▶ [About this task]:
Copy nothing but the lines below running from the line containing "LUXURIANT DIAMOND - Lab" through the line containing "A4 Pink Flexible", both end lines included.

(Collection entries)
++++++++++++++++++++

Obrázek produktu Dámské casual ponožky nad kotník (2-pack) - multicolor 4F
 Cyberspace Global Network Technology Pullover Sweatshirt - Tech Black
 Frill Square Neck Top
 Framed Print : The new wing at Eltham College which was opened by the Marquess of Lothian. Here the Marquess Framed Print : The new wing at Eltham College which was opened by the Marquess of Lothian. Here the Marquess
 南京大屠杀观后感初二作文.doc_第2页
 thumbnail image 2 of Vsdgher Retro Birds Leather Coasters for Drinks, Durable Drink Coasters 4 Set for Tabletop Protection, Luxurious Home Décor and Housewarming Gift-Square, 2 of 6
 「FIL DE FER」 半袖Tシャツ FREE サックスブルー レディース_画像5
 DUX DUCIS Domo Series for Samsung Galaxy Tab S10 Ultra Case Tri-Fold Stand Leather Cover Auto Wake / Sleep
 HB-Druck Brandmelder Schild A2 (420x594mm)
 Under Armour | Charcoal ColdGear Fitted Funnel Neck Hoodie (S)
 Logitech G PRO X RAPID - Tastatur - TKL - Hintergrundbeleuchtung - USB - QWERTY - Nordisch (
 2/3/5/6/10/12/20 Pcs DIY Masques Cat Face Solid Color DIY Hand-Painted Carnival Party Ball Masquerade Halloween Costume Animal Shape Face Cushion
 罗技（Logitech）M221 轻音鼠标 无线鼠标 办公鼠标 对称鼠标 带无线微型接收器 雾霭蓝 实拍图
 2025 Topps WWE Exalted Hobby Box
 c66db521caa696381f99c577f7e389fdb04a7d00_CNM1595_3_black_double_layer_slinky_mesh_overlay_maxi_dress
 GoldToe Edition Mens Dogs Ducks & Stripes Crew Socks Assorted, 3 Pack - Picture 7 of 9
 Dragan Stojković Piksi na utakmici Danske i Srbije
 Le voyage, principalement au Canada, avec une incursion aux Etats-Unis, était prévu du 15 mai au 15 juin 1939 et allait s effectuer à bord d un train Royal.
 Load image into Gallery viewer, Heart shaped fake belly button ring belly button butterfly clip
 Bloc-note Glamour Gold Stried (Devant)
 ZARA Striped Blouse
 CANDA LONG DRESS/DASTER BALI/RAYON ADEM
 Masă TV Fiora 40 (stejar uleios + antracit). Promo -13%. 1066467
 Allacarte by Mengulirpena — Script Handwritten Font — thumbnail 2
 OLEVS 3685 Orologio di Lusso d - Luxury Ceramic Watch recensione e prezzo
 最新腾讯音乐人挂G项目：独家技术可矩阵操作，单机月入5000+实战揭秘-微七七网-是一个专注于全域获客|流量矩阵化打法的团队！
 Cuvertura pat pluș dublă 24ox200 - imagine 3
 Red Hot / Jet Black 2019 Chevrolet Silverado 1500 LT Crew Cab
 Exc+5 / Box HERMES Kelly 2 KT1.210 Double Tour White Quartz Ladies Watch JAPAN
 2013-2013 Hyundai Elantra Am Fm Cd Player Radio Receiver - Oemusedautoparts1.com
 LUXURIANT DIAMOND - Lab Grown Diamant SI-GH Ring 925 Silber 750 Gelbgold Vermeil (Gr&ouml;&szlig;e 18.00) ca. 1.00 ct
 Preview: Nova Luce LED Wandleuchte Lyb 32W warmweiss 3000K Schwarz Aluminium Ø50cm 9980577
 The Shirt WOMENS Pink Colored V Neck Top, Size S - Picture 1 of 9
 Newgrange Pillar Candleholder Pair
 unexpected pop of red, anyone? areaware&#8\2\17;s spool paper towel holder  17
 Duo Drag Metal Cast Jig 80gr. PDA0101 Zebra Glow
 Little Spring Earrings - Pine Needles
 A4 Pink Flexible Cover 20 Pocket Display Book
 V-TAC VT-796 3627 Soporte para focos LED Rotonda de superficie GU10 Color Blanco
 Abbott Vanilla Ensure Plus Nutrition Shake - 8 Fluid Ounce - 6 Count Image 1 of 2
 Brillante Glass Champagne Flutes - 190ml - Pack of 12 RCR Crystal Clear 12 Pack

++++++++++++++++++++

▶ [Task response]:
 LUXURIANT DIAMOND - Lab Grown Diamant SI-GH Ring 925 Silber 750 Gelbgold Vermeil (Gr&ouml;&szlig;e 18.00) ca. 1.00 ct
 Preview: Nova Luce LED Wandleuchte Lyb 32W warmweiss 3000K Schwarz Aluminium Ø50cm 9980577
 The Shirt WOMENS Pink Colored V Neck Top, Size S - Picture 1 of 9
 Newgrange Pillar Candleholder Pair
 unexpected pop of red, anyone? areaware&#8\2\17;s spool paper towel holder  17
 Duo Drag Metal Cast Jig 80gr. PDA0101 Zebra Glow
 Little Spring Earrings - Pine Needles
 A4 Pink Flexible Cover 20 Pocket Display Book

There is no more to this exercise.